Un estudio muestra cómo disminuye en Brasil la participación femenina en el área de filosofía cuando se avanza en la carrera académica

Sandra JáveraUn estudio pionero en el país, realizado por Carolina Araújo, docente del Instituto de Filosofía y Ciencias Sociales de la Universidad Federal de Río de Janeiro (UFRJ), obtuvo datos cuantitativos acerca de un fenómeno que investigadores del campo de la filosofía han notado en Brasil y en varios otros lugares del mundo: las mujeres son minoría entre los estudiantes y docentes de esa área del conocimiento, y la preponderancia masculina se acentúa con el avance de la carrera académica. En el trabajo se comparó la proporción de varones y mujeres en tres instancias distintas de la carrera. El punto de partida fueron los datos del Instituto Nacional de Estudios e Investigaciones Educativas Anísio Teixeira (Inep), según los cuales el 38,4% de los graduados en filosofía en Brasil, en 2014, correspondía al sexo femenino.

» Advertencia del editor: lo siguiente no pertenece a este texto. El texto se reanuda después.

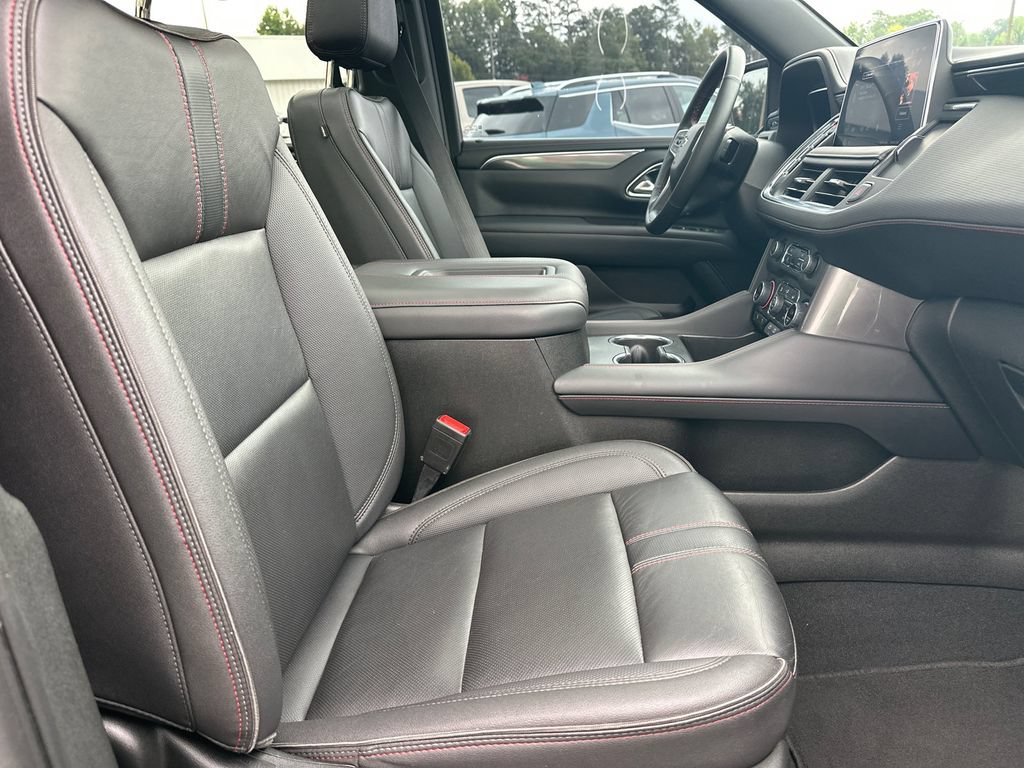 Used 2023 Chevrolet Suburban RST w/ Sport Performance Package AWD/4WD image 14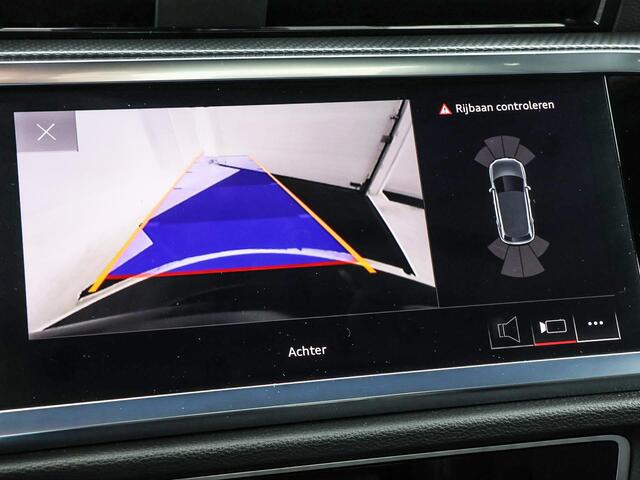 Audi Q3 45 TFSIe 245pk S-tronic Advanced Edition · Camera · Apple/Android Car Play · S line interieur · P-Sensoren · Elek. Achterklep · 18'' Inch · Stoelverwarming ·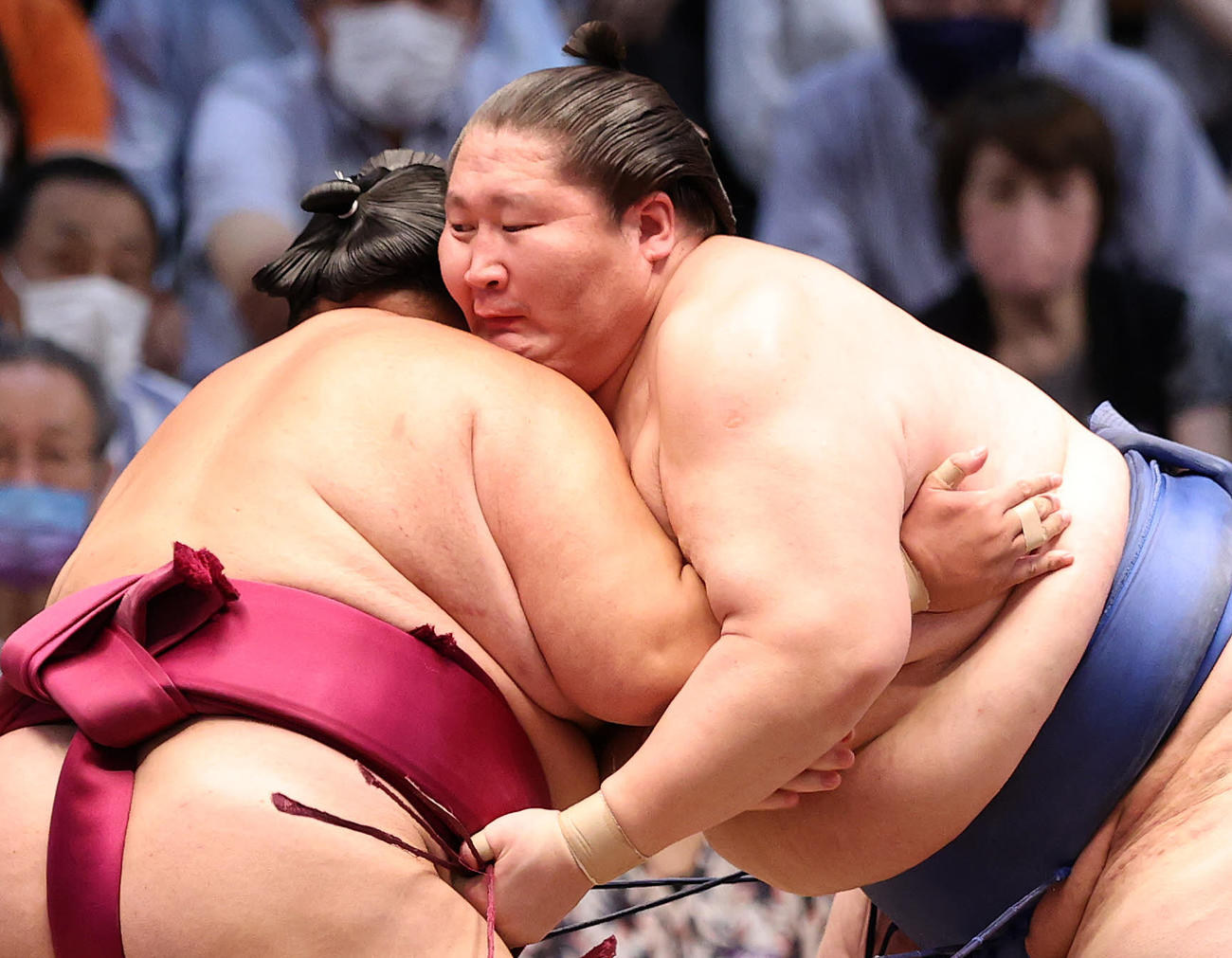 御嶽海（左）を攻める逸ノ城（撮影・鈴木正人）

A continuación, Araújo recopiló los nombres de 4.437 alumnos y docentes de los 44 programas de posgrado en filosofía del país registrados en la Plataforma Sucupira, un banco de datos mantenido por la Coordinación de Perfeccionamiento del Personal de Nivel Superior (Capes) y por la Universidad Federal de Rio Grande do Norte (UFRN) que provee datos sobre la comunidad académica brasileña. Y constató que el porcentaje de mujeres cae durante el posgrado y a lo largo de toda la carrera docente. En 2015, las matrículas de alumnas representaban el 28,45% de los 3.652 estudiantes realizando maestrías y doctorados. En tanto, cuando se evalúan los docentes permanentes de esos programas, la proporción de mujeres es de un 20,94%. “En Brasil, las mujeres tienen dos veces y media menos posibilidades que los varones de llegar a la cúspide de la carrera académica en filosofía”, resume Araújo, quien divulgó su estudio el 8 de marzo del año pasado en el sitio web de la Asociación Nacional de Posgrado en Filosofía (Anpof).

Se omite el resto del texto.